Gomorra 5 ha di certo lasciato un’impronta che i lavori italiani a venire dovranno tenere in considerazione, sulla quale anzi potranno adagiarsi per cercare di sfondare nel mercato estero, prima a noi quasi totalmente recluso. In molti, però, hanno avuto da ridire sul finale dell’ultima stagione del racconto tratto dall’omonimo romanzo di Roberto Saviano.
Ma per quale ragione? Probabilmente, una regola del racconto seriale in tv è: dare allo spettatore ciò che lo spettatore vuole. Ecco, Genny Savastano e Ciro Di Marzio (in particolar modo il secondo) sono entrati nel cuore del pubblico con l’intensità propria delle grandi maschere. Avremmo dunque voluto vederli trionfare. O meglio, lo avrebbe voluto una parte di noi, quella che non tiene conto della morale.
La vita criminale dei protagonisti, calco di quella reale che ha operato negli scorsi decenni a Napoli e non solo, nell’emozione del racconto non rappresenterebbe per noi un ostacolo alla vittoria su tutti i fronti dei protagonisti malvagi. Ecco perché hanno fatto morire Genny e Ciro: per ricordarci che Gomorra non è soltanto intrattenimento, non è solo l’ottima regia, la squisita fotografia e la sceneggiatura originale.

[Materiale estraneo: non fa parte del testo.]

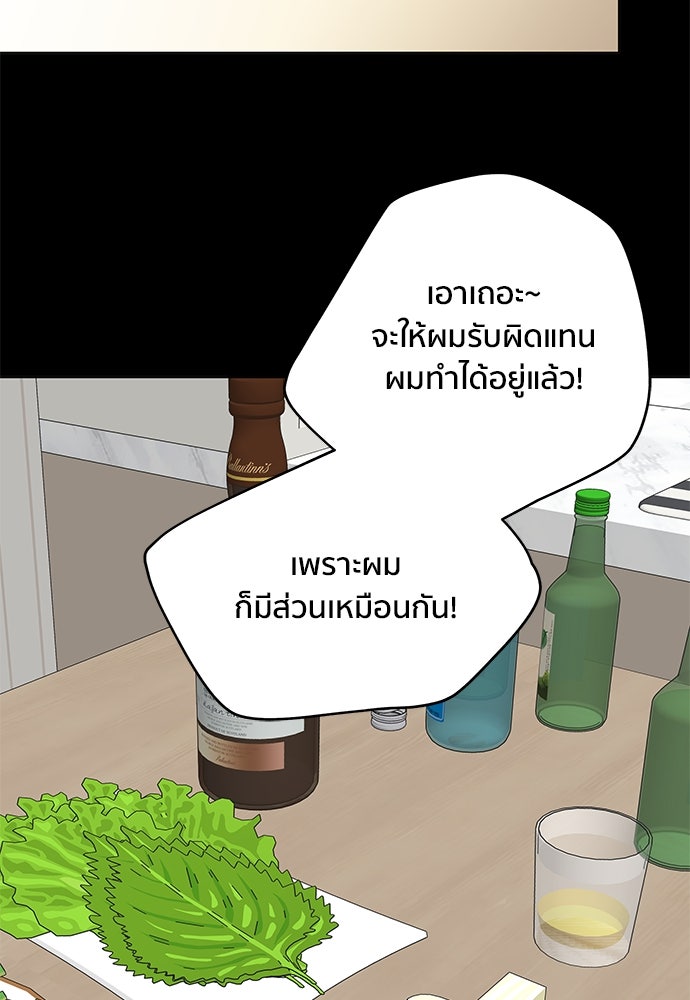 ชีวิตที่ให้ไปฉันขอใช้เอง - หน้า 50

Gomorra, pur nella veste imbellettata di un prodotto dalla diffusione massiva, resta la denuncia di un mondo troppo sporco per essere umano, che nessuno dovrebbe mai accettare. Come hanno ripetuto a più riprese, nelle ultime settimane, Salvatore Esposito e Marco D’Amore, nel racconto lo Stato c’è eccome. C’è la dura verità di una Napoli finita troppo spesso in mano alle bande. C’è però, stampato a chiare lettere, l’unico destino disponibile per chi sceglie quella vita: la galera o la morte.